■ Records supplied
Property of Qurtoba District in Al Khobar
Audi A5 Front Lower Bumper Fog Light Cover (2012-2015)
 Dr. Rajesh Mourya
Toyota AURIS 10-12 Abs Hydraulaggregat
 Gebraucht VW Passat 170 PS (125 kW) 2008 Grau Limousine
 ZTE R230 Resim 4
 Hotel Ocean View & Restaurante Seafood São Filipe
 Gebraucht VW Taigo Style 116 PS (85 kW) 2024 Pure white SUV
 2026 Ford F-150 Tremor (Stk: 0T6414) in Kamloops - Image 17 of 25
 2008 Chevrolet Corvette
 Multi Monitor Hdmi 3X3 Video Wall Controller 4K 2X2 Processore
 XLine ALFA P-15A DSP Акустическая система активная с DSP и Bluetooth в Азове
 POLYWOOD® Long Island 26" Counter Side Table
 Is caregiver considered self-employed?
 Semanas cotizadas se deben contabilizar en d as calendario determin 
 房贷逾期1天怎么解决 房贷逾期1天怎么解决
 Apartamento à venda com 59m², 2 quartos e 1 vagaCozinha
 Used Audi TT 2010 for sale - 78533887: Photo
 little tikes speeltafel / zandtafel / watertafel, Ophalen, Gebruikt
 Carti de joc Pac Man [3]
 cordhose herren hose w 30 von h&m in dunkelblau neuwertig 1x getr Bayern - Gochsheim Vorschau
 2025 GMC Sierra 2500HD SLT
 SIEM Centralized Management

■ Task brief
Restate the records word for word, leaving nothing out.

■ Solution to the exercise
Property of Qurtoba District in Al Khobar
Audi A5 Front Lower Bumper Fog Light Cover (2012-2015)
 Dr. Rajesh Mourya
Toyota AURIS 10-12 Abs Hydraulaggregat
 Gebraucht VW Passat 170 PS (125 kW) 2008 Grau Limousine
 ZTE R230 Resim 4
 Hotel Ocean View & Restaurante Seafood São Filipe
 Gebraucht VW Taigo Style 116 PS (85 kW) 2024 Pure white SUV
 2026 Ford F-150 Tremor (Stk: 0T6414) in Kamloops - Image 17 of 25
 2008 Chevrolet Corvette
 Multi Monitor Hdmi 3X3 Video Wall Controller 4K 2X2 Processore
 XLine ALFA P-15A DSP Акустическая система активная с DSP и Bluetooth в Азове
 POLYWOOD® Long Island 26" Counter Side Table
 Is caregiver considered self-employed?
 Semanas cotizadas se deben contabilizar en d as calendario determin 
 房贷逾期1天怎么解决 房贷逾期1天怎么解决
 Apartamento à venda com 59m², 2 quartos e 1 vagaCozinha
 Used Audi TT 2010 for sale - 78533887: Photo
 little tikes speeltafel / zandtafel / watertafel, Ophalen, Gebruikt
 Carti de joc Pac Man [3]
 cordhose herren hose w 30 von h&m in dunkelblau neuwertig 1x getr Bayern - Gochsheim Vorschau
 2025 GMC Sierra 2500HD SLT
 SIEM Centralized Management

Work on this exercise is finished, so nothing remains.